Recently, Anthony Goldbloom took some time to answer questions from our Slack community about his vision for Kaggle, how Kaggle & the competitions have changed over the years, how they're handling TPUs, and how competitive data science can prepare you for the real world.
For more AMAs with industry leaders, join the W&B slack community.
Q from Charles: It’s a very common bit of folklore in the machine learning community that deep neural networks don’t do well in Kaggle competitions and that the winners are usually (ensembles of) tree-based models. Is that accurate? If so, why do you think there’s a disconnect between the methods that win contests on Kaggle datasets and the methods that push the boundaries of ML? If not, do you have any idea where this misconception came from?

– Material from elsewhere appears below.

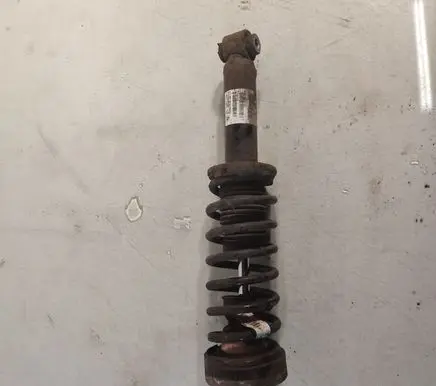 BMW X3 F25 Rear shock absorber with coil spring 6796317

Anthony: that’s only partially true. deep neural networks win all unstructured data challenges on Kaggle (that is competitions with speech, images, text etc). It is still true that gradient boosting machines (XGBoost/LightGBM) + clever feature engineering is the best approach for smaller datasets with structured data and do still win Kaggle challenges. Deep neural networks start do take over again for very large structured datasets.

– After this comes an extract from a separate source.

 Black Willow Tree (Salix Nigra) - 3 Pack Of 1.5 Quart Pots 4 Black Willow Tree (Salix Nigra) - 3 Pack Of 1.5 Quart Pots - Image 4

Q from Stacey Svetlichnaya: Kaggle is such an amazing resource, thanks for building it and taking the time to chat with us! I’m really curious how you think about the balance of competition (e.g. working in secret to beat the state of the art) and collaboration (sharing details of different approaches and code, building on existing work) in the field of machine learning. Of course we need both strategies, and a lot depends on the dataset/problem/context. Still, what are some of the biggest tradeoffs or edge cases you’ve encountered? How has this balance influenced the evolution of Kaggle as a platform and a community? How can we encourage the best aspects of both approaches as the field grows increasingly complex and the stakes get higher?

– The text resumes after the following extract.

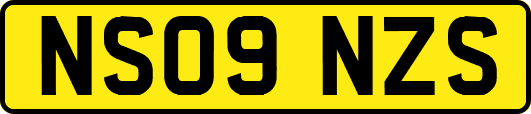 NS09NZS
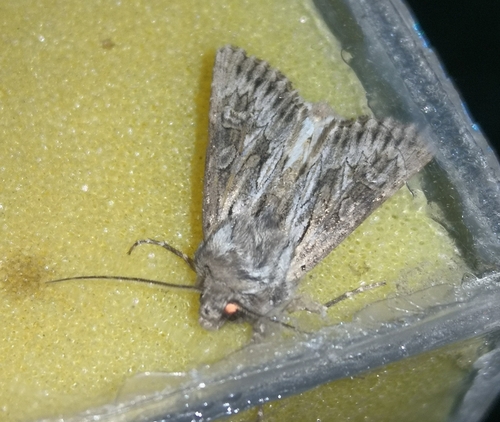 Aporophyla australis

Anthony: thanks for the nice words about Kaggle. While Kaggle runs ML challenges, there’s a huge amount of sharing that goes on as part of the challenges. And in almost all cases, winners end up sharing their approach at the end of the competition. That is one of the main reasons, people get value out of Kaggle: very rewarding to spend a lot of time competing in a challenge and then learning what the winners did that you might have missed. We try and balance the incentive to compete with an incentive to share. For example, we offer points for competition but also upvote notebooks and discussion posts.